Pets Still Being Needlessly Killed at Orange Co Pound

The Orange Co Register apparently likes to get readers’ hopes up and then cut them down.  The title of the CA paper’s most recent piece on the local pound is “More pets survived at O.C. shelter in 2012“. Yay.  But if you read past the first few sentences, you get to the sad truth of the matter:

The 54 percent overall death rate was pretty much the same as 2011.

Not yay.

The director of the pound, Ryan Drabek, told the paper via e-mail that in 2012 “1,868 stray animals total came into our shelter with some form of identification (license, microchip, ID tag, etc.).”  The Register crunches the numbers:

Of animals that came into the shelter with some sort of identification last year, 61 percent were returned to their owners and 13 percent were euthanized.

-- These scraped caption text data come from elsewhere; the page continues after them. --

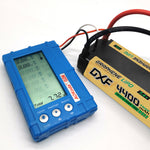 DXF LiPo Battery 2S 7.4V 4400mAh 140C Graphene Gray NGP Plus Gold Version with 5mm Bullet / EC5 / T / TRX / XT60 / XT90 / XT150 / Q8s Plug for RC 1/10 Touring Car Racing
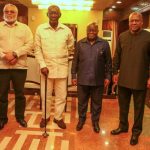 GHANA : Rawlings demande pardon à Kufuor et à Mahama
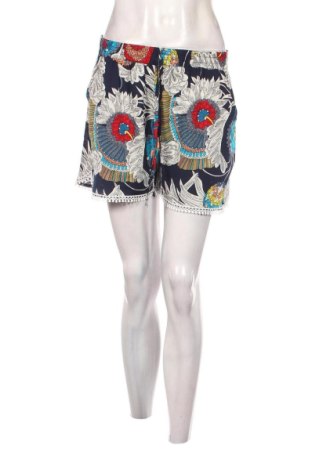 Γυναικείο κοντό παντελόνι, Μέγεθος L, Χρώμα Πολύχρωμο, Τιμή 10,00 €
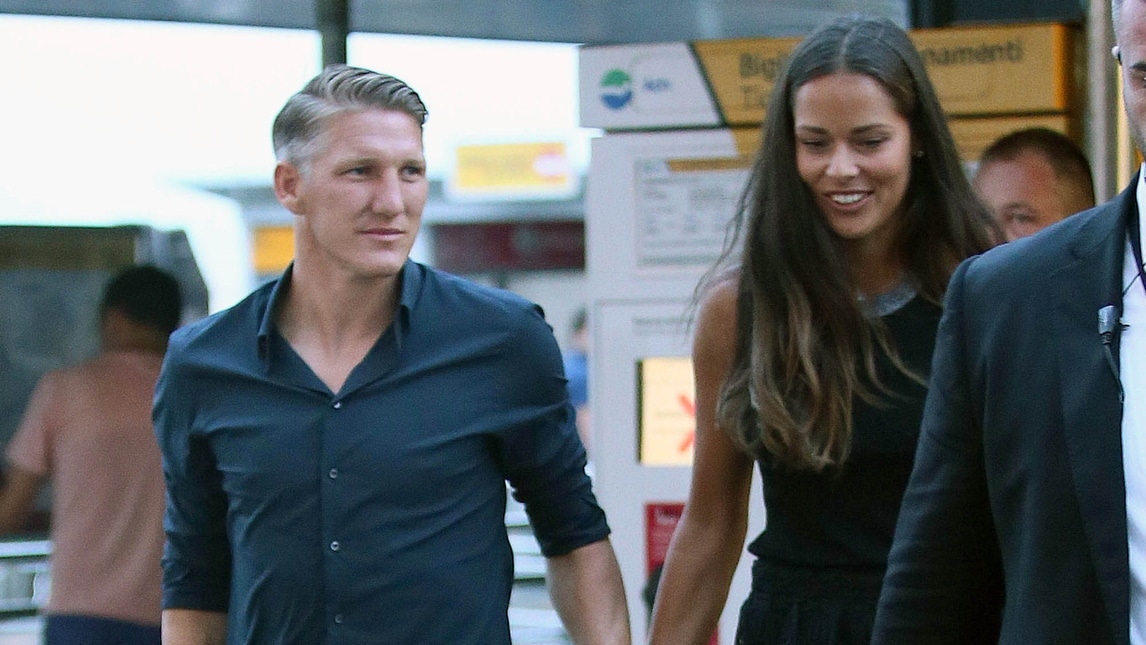 Bastian Schweinsteiger e Ana Ivanovic si sposano a Venezia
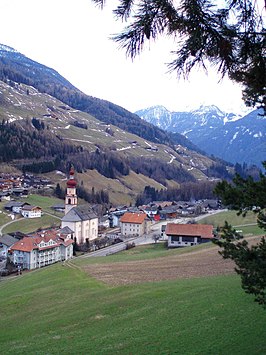 Zicht op Ahrntal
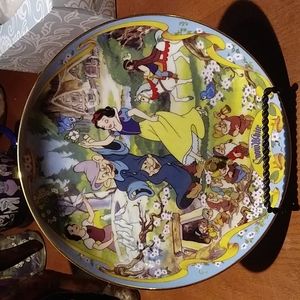 Bradford Exchange Musical Decorative Plate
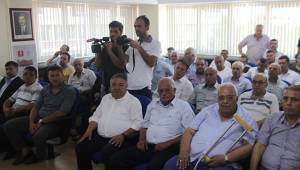 ESNAF ODALARINDAN ORTAK TEPKİ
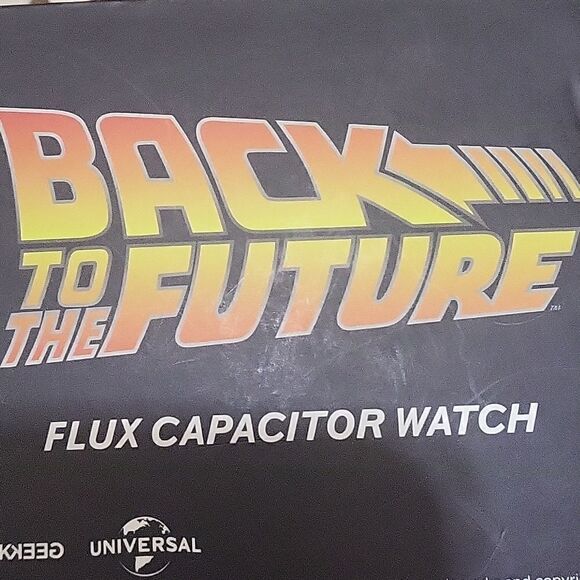 Back to the Future watch - Picture 6 of 9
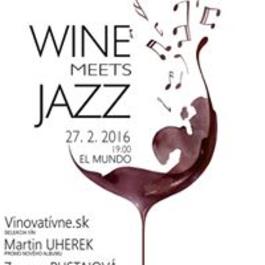 Wine meets Jazz, 27.2.2016 19:00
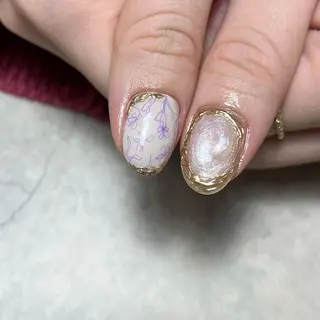 ネイル nail salon O (en)所属・vegh. nail／阿波座のネイルデザイン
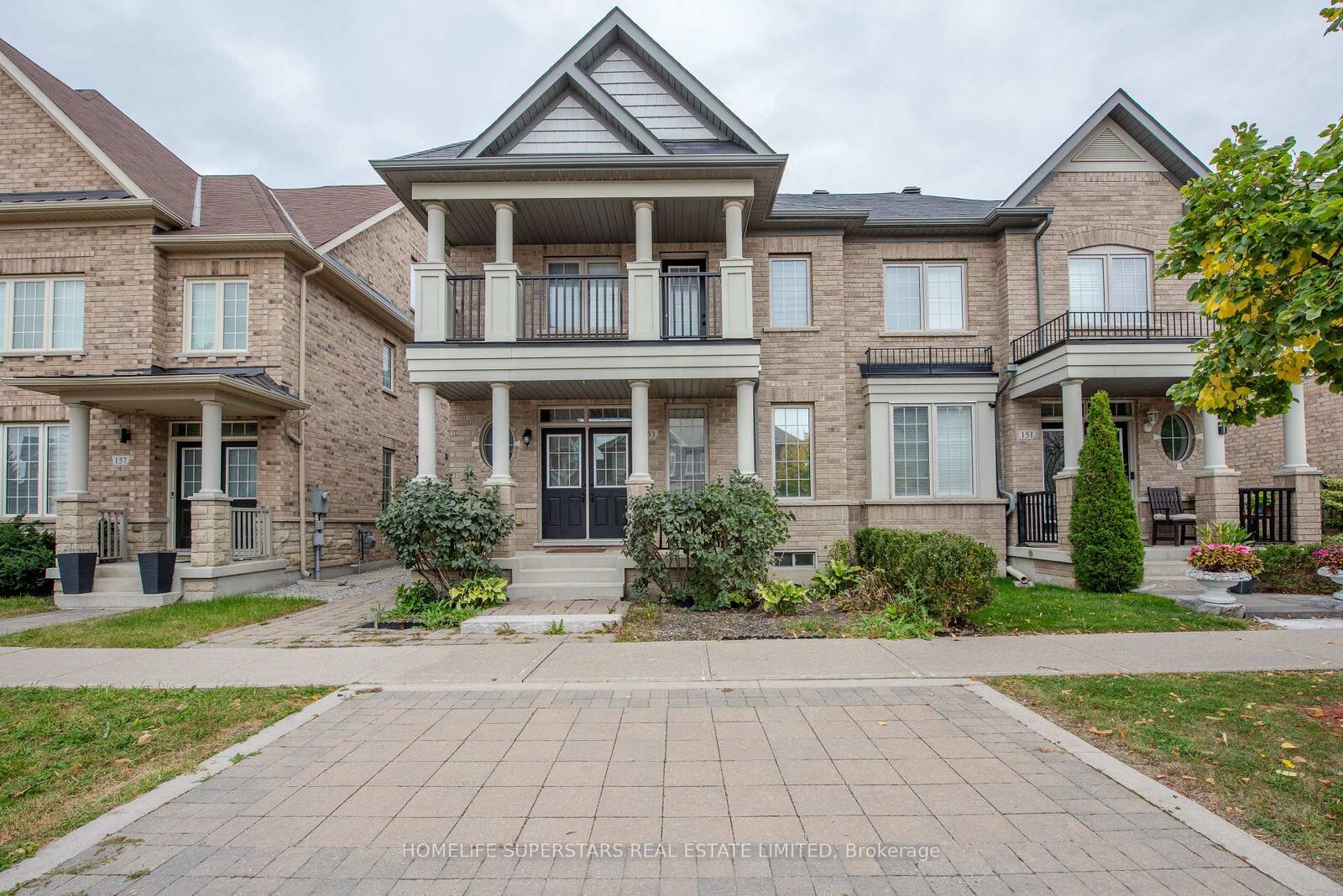 Property Photo:  153 Barons Street  ON L4H 3Y7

Let’s be clear on the overall numbers.  The Orange Co pound took in 29,723 animals in 2012 and returned 3346 of them to their owners.  That is a RTO rate of 11%.  Of the 1868 pets who were impounded with identification, the pound killed 243 or 13% of them.  That’s 243 pets with tags and/or microchips, thrown into the dumpster by the people paid to shelter them.

Not yay.

And if you make it to the end of the article, there’s this horrifying tidbit:

Feral cats and kittens younger than 6 weeks old accounted for 70 percent of the total cats euthanized at the shelter in 2012, Drabek said.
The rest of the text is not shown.